Wow a lot of crap has been goin down, so i've read. Everyone was way happy for awhile then not so much now but its cool though.
so, yeah I really really really like Zack (fantesticles Zack) and I don't even know why
I barely know him, From what I do know I really like.
I dont get how I get so attatched to people so easilly it doesnt make sense... maybe I dont really get attatched I just think I get attatched but really, its all in my head. or something -blink- -blink-
hmmm.... Today Zack was sad and was barely talking to me at all...And if he said anything it was one word responces...

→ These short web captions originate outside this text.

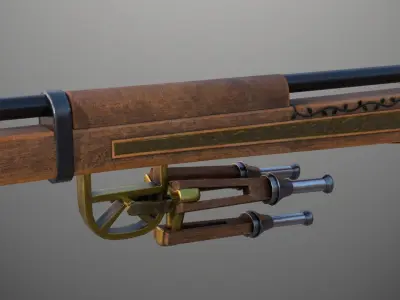 SteamPunk Sniper Low-poly 3D model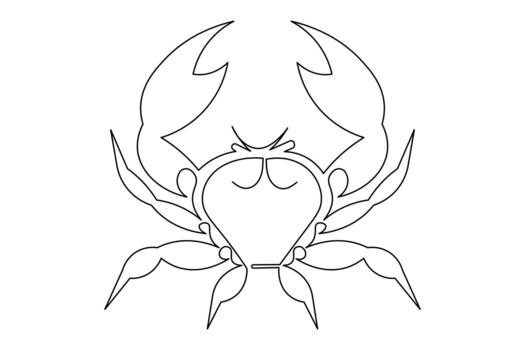 Marine creature icon continuous outline drawing simple style crustacean vector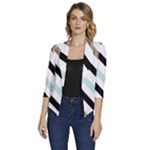 Pattern, Black, Blue, Gold, Lines, Stripes Women s Draped Front 3/4 Sleeve Shawl Collar Jacket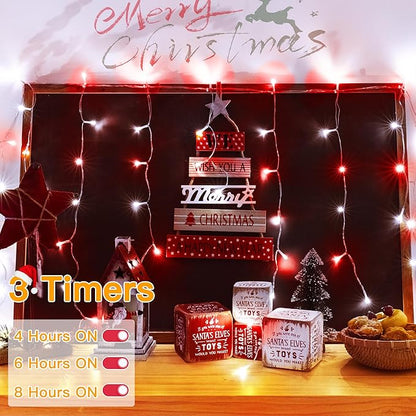Ollny Icicle Lights for Outside 504LED 41FT, Red and White Christmas Light with Remote 8Modes Timers Waterproof, Plug in Connectable Hanging Lights for Outdoor Indoor House Roof Holiday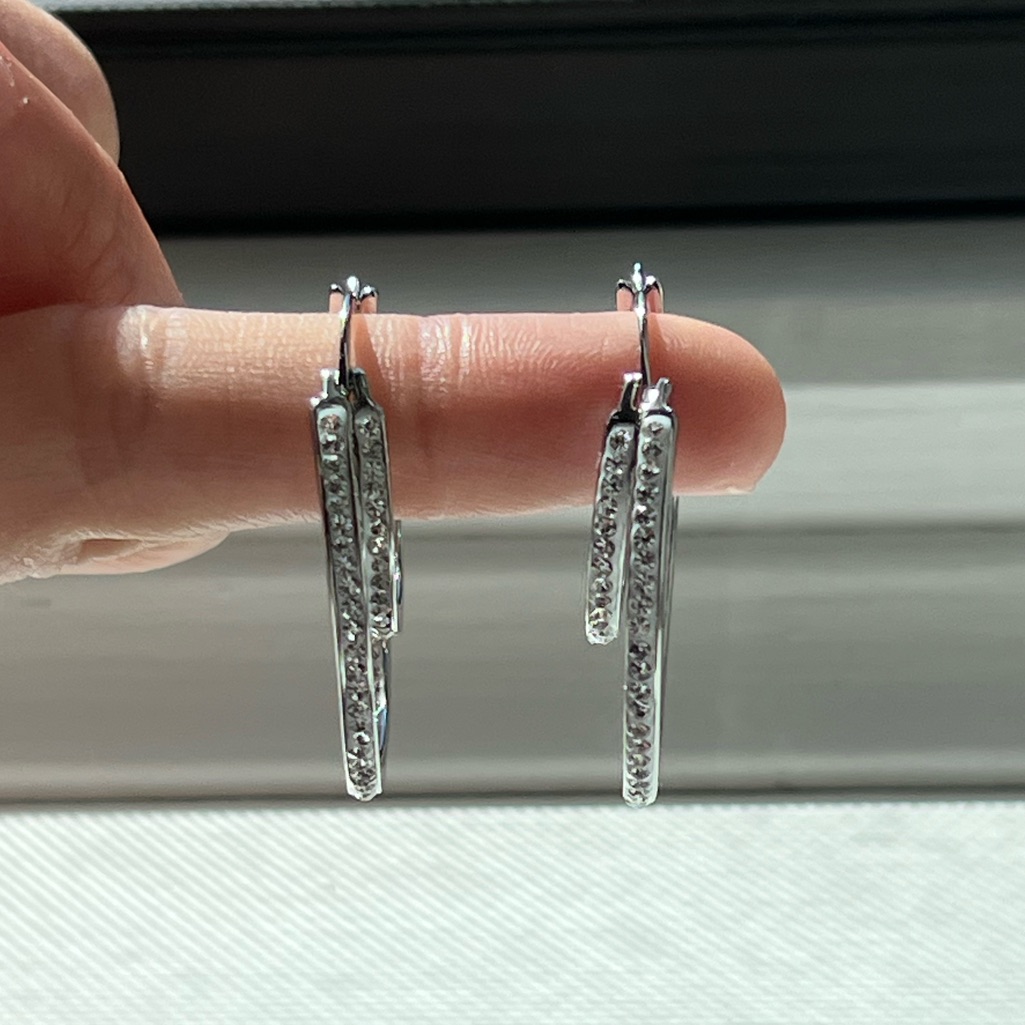 Silver Double Hoop Earrings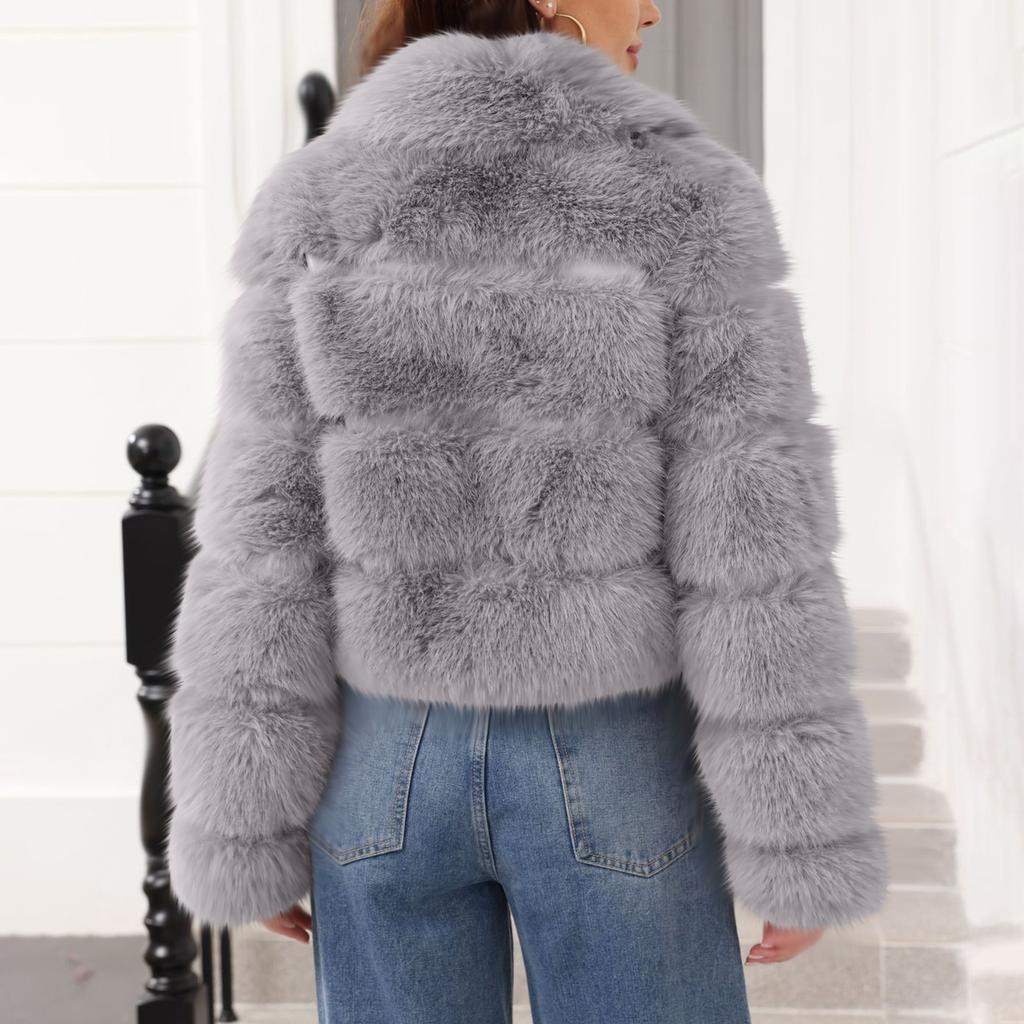 Women's Fashionable Warm Long Sleeve  Solid Color Furry Collar Coat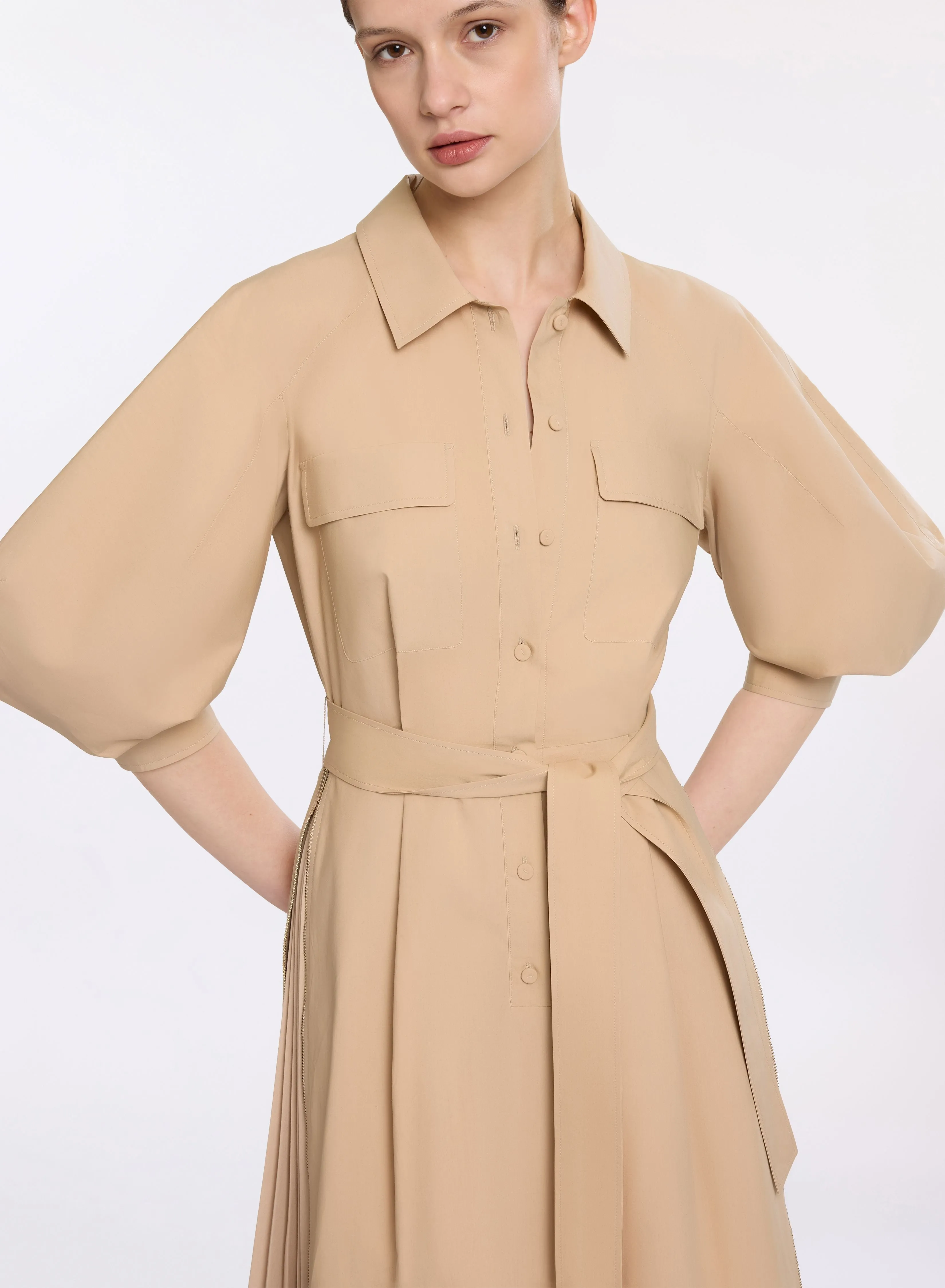 Pleated Cotton Midi Dress sold by Elie Saab product image thumbnail 3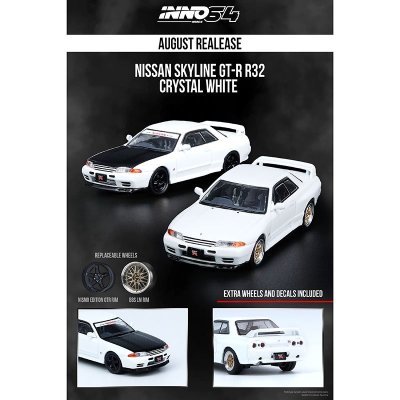 NISSAN SKYLINE GT-R (R32) Crystal White With Extra Wheels and Extra decals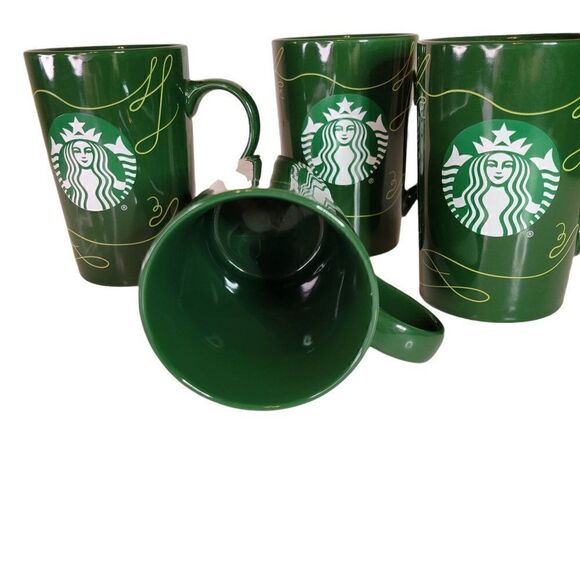 Starbucks 2020 - 11oz. Green Holiday Christmas Mugs - Set of 4 - Picture 3 of 9
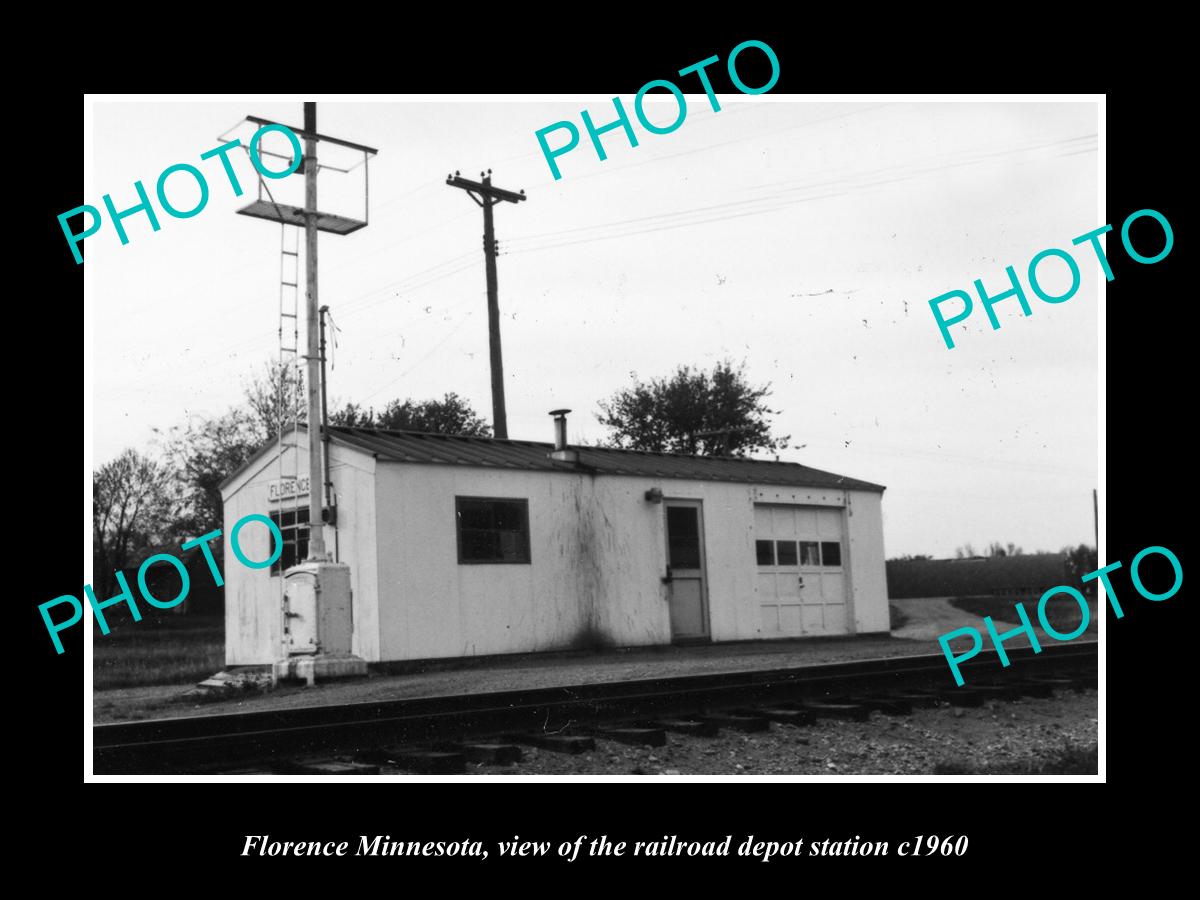 OLD LARGE HISTORIC PHOTO OF FLORENCE MINNESOTA, THE RAILROAD STATION c1960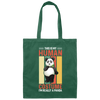 Panda Costume, I Am Really A Panda, This Is My Human, Retro Panda Canvas Tote Bag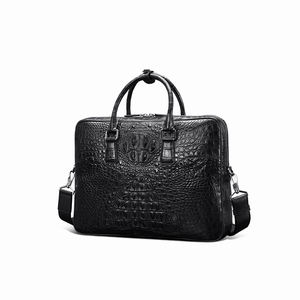 Bolso de Mano de Cuero de Cocodrilo Siamés para Hombre, Bolso de Negocios de Cuero Genuino, Maletín de Cuero Genuino de Gran Capacidad - Product Image 4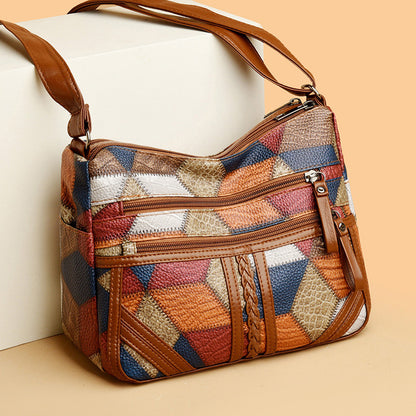Lightweight Contrast Color Patchwork Shoulder Bag - Multi-Zipper Large Capacity PU Leather Satchel for V888-ELOSUNG45002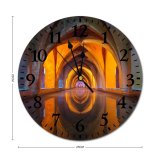 yanfind Fashion PVC Wall Clock Architecture Beautiful Church Colour Colourful Design Hallway Reflection Spain Well Mute Suitable Kitchen Bedroom Decorate Living Room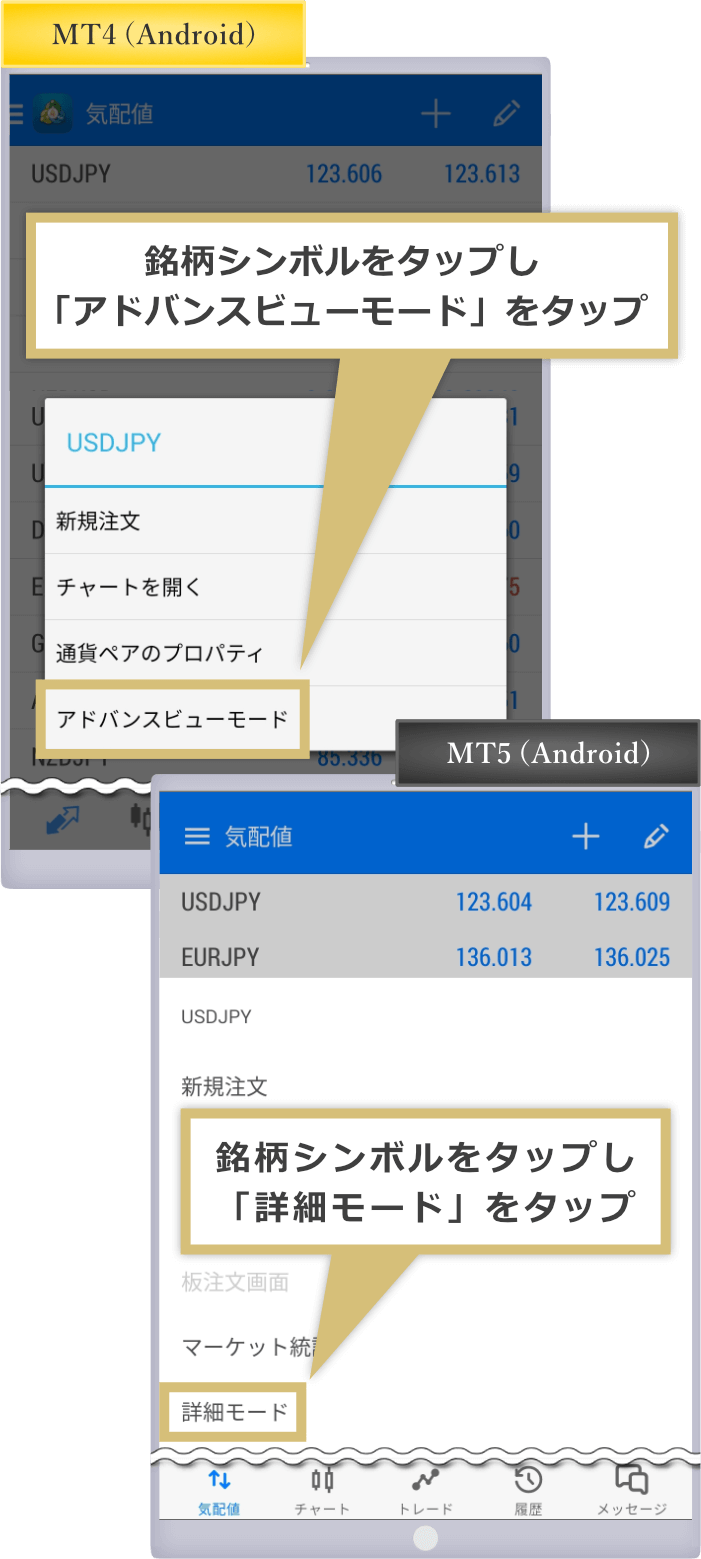 MT4/MT5Android詳細モード切替画面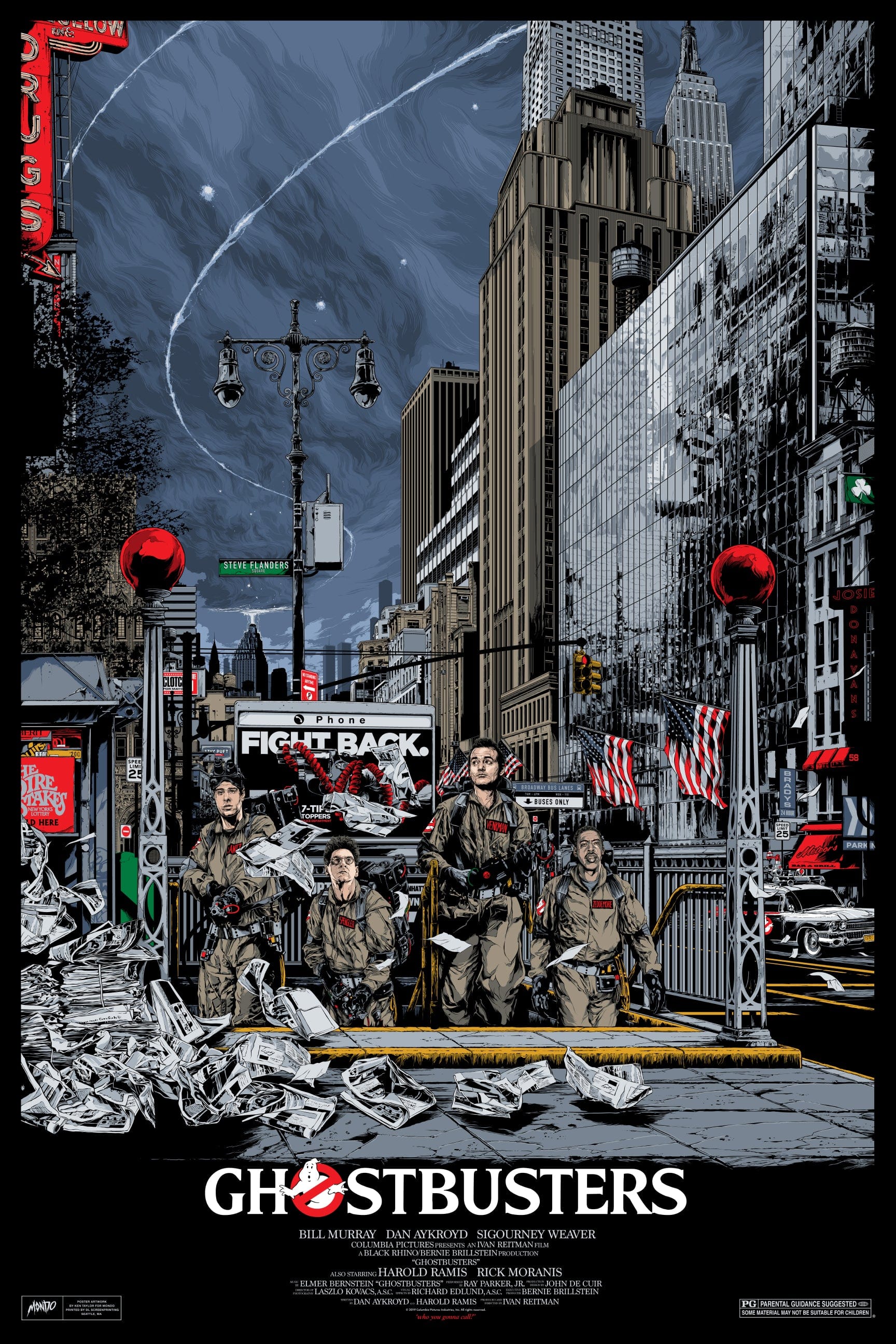 Ghostbusters Movie Poster by Ken Taylor - Vintage Horror Art Print for Home Theater, Office & Man Cave Decor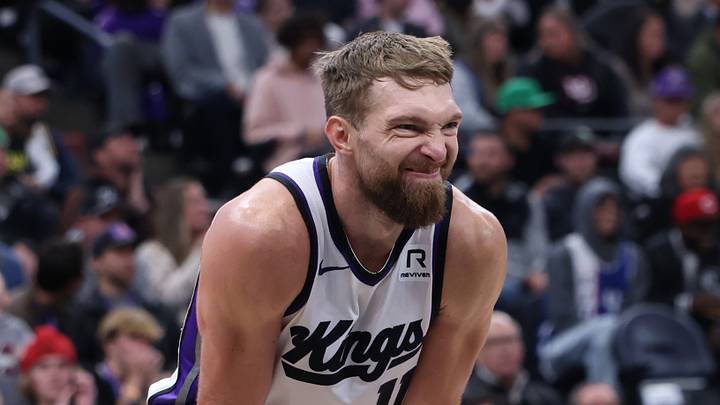 Oct 29, 2024; Salt Lake City, Utah, USA; Sacramento Kings forward Domantas Sabonis (11) reacts to being called for a foul against the Utah Jazz during the third quarter at Delta Center. Mandatory Credit: Rob Gray-Imagn Images Oct 29, 2024; Salt Lake City, Utah, USA; Sacramento Kings forward Domantas Sabonis (11) reacts to being called for a foul against the Utah Jazz during the third quarter at Delta Center. Mandatory Credit: Rob Gray-Imagn Images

I asked him what his favorite thing in the whole world was, his responce was cigarettes and pussy. So I sent him this thingy I made for him...
Once he got it he said it made him really happy...
I was so happy that it made him happy I wanted to like cry or something. But since I'm the ice princess and I have no emotions I didnt... hahah
Why do I like this kid so much? I was thinking maybe it was because I've been single since winterbreak and maybe I just want to be with somebody and he was just there so it happened to be him. But I don't like anyone else. And when I see other guys I like or used to like the first thing I think of is Zack.
It shouldn't be like this. He doesn't care about me like I care about him, and he shouldn't. We barely know each other. What the fuck. Someone punch me in the face.